Sistem hukum tradisional bisa dianggap sebagai alternatif yang lebih adil atau relevan untuk menyelesaikan konflik atau menegakkan keadilan.
Legal pluralisme bukanlah fenomena yang homogen dan dapat bervariasi antar masyarakat. Perubahan sosial, ekonomi, dan politik dapat mempengaruhi dinamika legal pluralisme dari waktu ke waktu. Artinya dengan keberagaman hukum beragamnya aturan serta perundang undangannya malah menjadi semakin bagus untuk sebuah tatanan masyarakat yang Sejahtera karena aturan dan hukum tidak hanya 1 aturan untuk mengatur bidang kehidupan akan tetapi lebih banyak, lebih kompleks. Maka daripada itu kita sebagai masyarakat Indonesia haruslah menerapkan prinsip kesatuan dan persatuan serta memiliki sikap toleransi yang kuat. Legal pluralisme dapat membawa tantangan dalam hal kepastian hukum dan perlindungan hak asasi manusia, tetapi pada saat yang sama, juga dapat mencerminkan upaya untuk mengakomodasi dan menghormati keragaman dalam masyarakat.

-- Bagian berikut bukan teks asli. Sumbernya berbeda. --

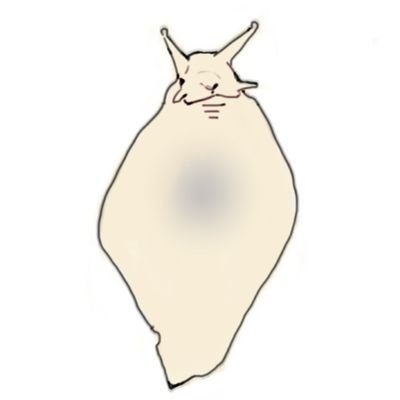 0ooO0oOOOooo0's profile picture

C. Kritik Legal Pluralisme Terhadap Sentralisme Hukum Dalam Masyarakat dan Kritik Progressive Law Terhadap Perkembangan Hukum di Indonesia?
Kritik Pluralisme Hukum Terhadap Sentralisasi Masyarakat
-Pluralisme hukum dapat diniliai bahwa tidak ada penekanan dalam batasan-batasan terhadap istilah hukum yang telah digunakan
-Pluralisme hukum belum bisa ataupun dianggap kurang efektif terhadap pertimbangan faktor - faktor sosial, ekonomi dan lain-lain yang kemungkinan dapat mempengaruhi terjadinya sentralisasi hukum dan pluralisme hukum
Progresif Law Terhadap Perkembangan Hukum di Indonesia
penegakan hukum progresif mengkritik serta menempatkan kepentingan dan  agar kebutuhan manusia/rakyat sebagai titik orientasinya, karena aparatur penegak hukum harus memiliki kepekaan pada persoalan-persoalan yang timbul dalam hubungan-hubungan manusia. Salah salah satu persoalan krusial dalam konteks itu ialah keterbelengguan manusia dalam struktur-struktur yang menindas baik politik, ekonomi, sosial budaya, maupun oleh hukum yang manipulatif. Dalam kondisi-kondisi tersebut, keberadaan hukum progresif harus menjadi institusi yang emansipatoris yang membawa pemberdayaan. Konsep kesamaan (aquality) yang didasarkan pada kolektivitas atau komunitas (group related equality) dan bukan individu sebagai unit (individual equality). Aksi-aksi afirmatif penegakan hukum hukum HAM progresif didukung oleh keinginan untuk mendayagunakan hukum HAM bagi kepentingan rakyat yang lemah atau rentan.